THE PEOPLE, Respondent v. CHARLES HENRY SNEBOLD, Appellant.

COUNSEL

Charles Henry Snebold, in pro. per., for Appellant.

Stanley Mosk, Attorney General, Arlo E. Smith and John L. Burton, Deputy Attorneys General, for Respondent.

OPINION

DUNIWAY, J.

Snebold appeals from an order denying his petition for a writ of error coram nobis. On October 1, 1958, he was convicted of a violation of Penal Code, section 4502, possession of a deadly weapon while a prisoner committed to a state prison. He says that on the date of his conviction he was told by an assistant warden, in substance, that the latter had planted the weapon, a knife, on him.
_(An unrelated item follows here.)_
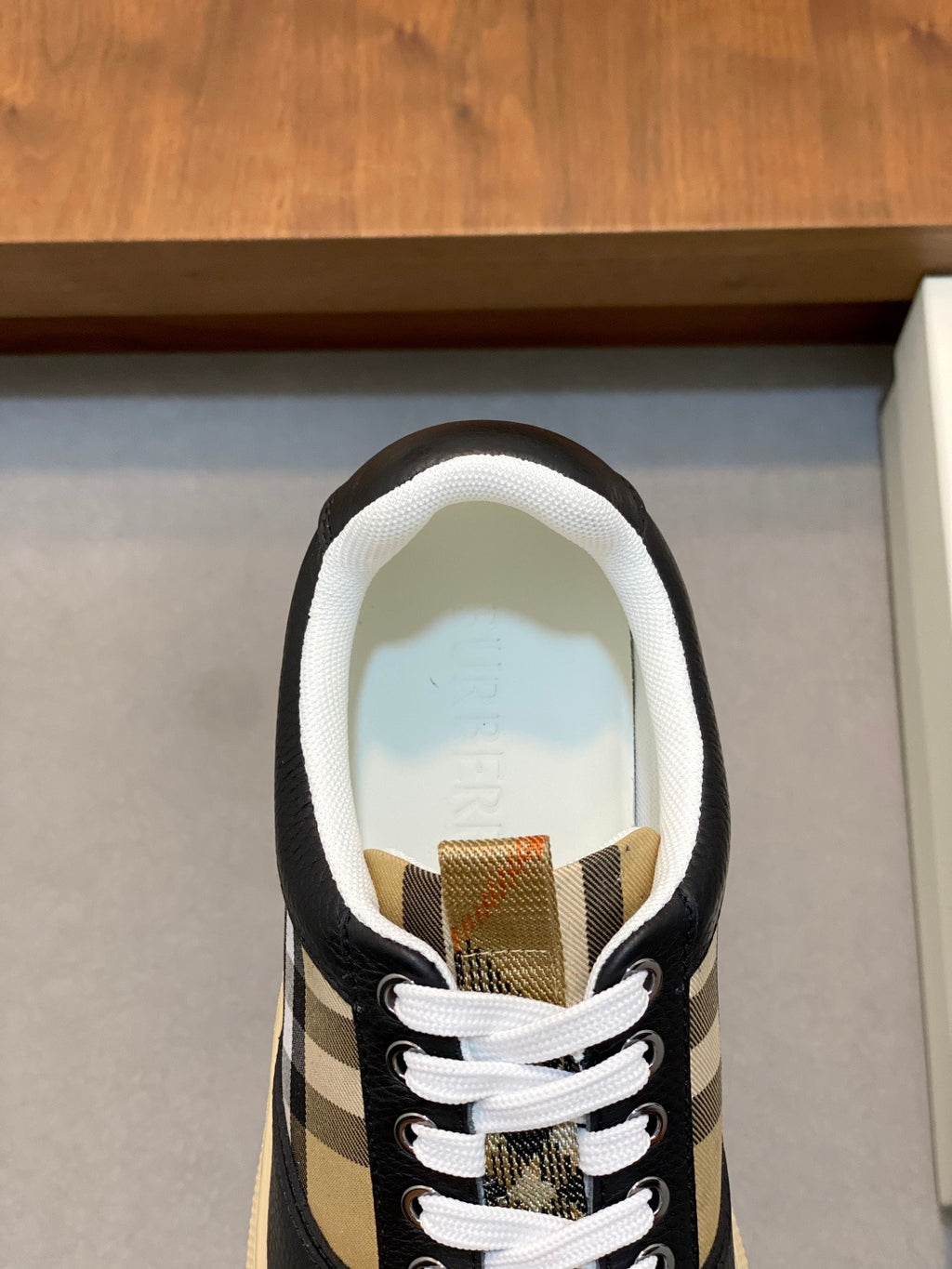 Sneaker close-up with white lining, white laces, and beige-and-black check panel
[1] Newly discovered evidence is a ground for motion for a new trial (Pen. Code, ยงยง 1181, 1182). Under these circumstances, coram nobis is not available, "even though the facts upon which the application for the writ is based were not discovered until too late to present them upon a motion for new trial." (People v. Cox, 18 Cal. App. 2d 283, 286 [63 P.2d 849]; see also People v. Tuthill, 32 Cal. 2d 819, 821-822 [198 P.2d 505]; People v. Blalock, 53 Cal. 2d 798, 801 [349 P.2d 953].)

Affirmed.

Bray, P. J., and Tobriner, J., concurred.